Some Missouri Republicans are pushing back against their federal counterparts over their harsh criticism of a critical tax that helps states pay for its share of Medicaid.
For several decades, Missouri taxed places like hospitals and pharmacies to help pay for its share of Medicaid. Currently, the tax is at 4.2% – but it’s gone as high as close to 6%.
A recently-enacted budgetary package that cuts taxes, restricts immigration, and raises the nation’s debt ceiling would require states to lower medical provider taxes to 3.5% by 2032. Groups like the Missouri Hospital Association say this will end up costing the state hundreds of millions of dollars, forcing policymakers either to spend less money on things like education or pay providers less money.
Some Senate Republicans have derided medical provider taxes as a money laundering scheme that helps states bilk money from the federal government. South Carolina Republican Sen. Lindsey Graham called medical provider taxes “scams,” while Idaho Republican Sen. Mike Crapo contended “they were a financing gimmick used by states to increase the federal spending they receive.”

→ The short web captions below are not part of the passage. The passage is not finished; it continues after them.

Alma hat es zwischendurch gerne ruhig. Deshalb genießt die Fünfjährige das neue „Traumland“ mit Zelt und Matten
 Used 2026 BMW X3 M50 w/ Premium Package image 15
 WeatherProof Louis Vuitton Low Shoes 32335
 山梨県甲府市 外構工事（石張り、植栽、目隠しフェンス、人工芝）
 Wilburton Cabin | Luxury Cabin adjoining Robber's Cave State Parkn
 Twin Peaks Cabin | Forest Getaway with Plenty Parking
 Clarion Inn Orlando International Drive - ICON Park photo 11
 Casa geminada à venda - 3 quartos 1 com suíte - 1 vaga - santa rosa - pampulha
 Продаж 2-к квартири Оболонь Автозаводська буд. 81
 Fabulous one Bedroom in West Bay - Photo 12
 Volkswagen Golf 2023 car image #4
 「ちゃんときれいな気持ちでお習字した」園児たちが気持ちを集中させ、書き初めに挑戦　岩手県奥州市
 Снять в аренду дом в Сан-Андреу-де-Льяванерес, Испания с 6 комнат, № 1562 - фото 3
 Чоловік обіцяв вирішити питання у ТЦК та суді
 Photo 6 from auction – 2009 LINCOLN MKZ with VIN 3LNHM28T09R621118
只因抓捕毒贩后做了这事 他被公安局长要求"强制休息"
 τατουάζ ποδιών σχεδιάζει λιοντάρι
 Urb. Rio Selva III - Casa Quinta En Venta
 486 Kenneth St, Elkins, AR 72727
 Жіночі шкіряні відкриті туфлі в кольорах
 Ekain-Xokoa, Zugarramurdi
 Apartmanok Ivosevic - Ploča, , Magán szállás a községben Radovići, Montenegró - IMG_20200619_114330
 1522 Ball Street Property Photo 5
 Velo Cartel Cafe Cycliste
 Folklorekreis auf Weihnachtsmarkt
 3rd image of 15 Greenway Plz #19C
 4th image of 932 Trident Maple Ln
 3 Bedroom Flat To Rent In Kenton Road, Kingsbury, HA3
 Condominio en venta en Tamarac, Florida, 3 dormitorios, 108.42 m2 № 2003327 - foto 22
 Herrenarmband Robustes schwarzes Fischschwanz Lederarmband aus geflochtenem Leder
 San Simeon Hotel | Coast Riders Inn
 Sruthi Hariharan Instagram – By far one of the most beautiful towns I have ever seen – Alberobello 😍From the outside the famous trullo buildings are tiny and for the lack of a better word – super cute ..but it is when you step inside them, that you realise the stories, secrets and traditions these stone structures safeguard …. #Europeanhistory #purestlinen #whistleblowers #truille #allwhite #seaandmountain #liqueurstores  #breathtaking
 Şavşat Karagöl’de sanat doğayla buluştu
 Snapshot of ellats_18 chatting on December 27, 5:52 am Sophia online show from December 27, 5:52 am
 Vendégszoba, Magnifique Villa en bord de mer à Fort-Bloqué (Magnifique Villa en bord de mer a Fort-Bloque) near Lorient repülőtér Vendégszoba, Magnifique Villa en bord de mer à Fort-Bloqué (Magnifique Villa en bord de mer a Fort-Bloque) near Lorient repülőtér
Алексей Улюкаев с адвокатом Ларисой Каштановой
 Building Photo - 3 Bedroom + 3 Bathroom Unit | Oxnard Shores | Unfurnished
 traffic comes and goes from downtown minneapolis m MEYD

But that’s not the view of key Republican leaders in Missouri, including Gov. Mike Kehoe.
“In Missouri, we’ve handled it very responsibly,” said Kehoe on Thursday after an unrelated bill signing ceremony in downtown St. Louis. “As you’ve seen, we’ve had the percentage go up and down to only use what we need. And I’m a fan of that model. I think we’ve used it effectively. And credit to our hospital and our hospital association, they’ve really done a good job of making sure we don’t take advantage of it. We use it to fit Missourians the best.”
Sen. Josh Hawley also found arguments from people like Graham and Crapo unpersuasive. In an interview earlier this week he said medical provider taxes are “a way that the states have, legally and totally above board, chosen to fund their contribution to Medicaid.”
“I mean, my colleagues who say they don’t like this, would they prefer that homeowners be taxed more?” Hawley said. “Would they prefer that we have higher energy taxes? I mean, where? How do they want to raise the money? I just think that this is a silly argument.”
Kehoe said he’s supportive of Hawley’s pledge to try and prevent the medical provider tax curbs from going fully into effect by 2032.
“We’ll do all we can to assist that,” Kehoe said.
Hawley said he hopes a $50 billion fund aimed at rural hospitals will be helpful – especially if lawmakers like him are able to prevent the medical provider tax restrictions from ever going into effect.
“It is a mistake. It is the wrong thing to do,” Hawley said. “And that’s why I emphasize Missouri is going to see an increase in funding for rural hospitals over the next four years. And that will give us time to stop any future cuts going forward.”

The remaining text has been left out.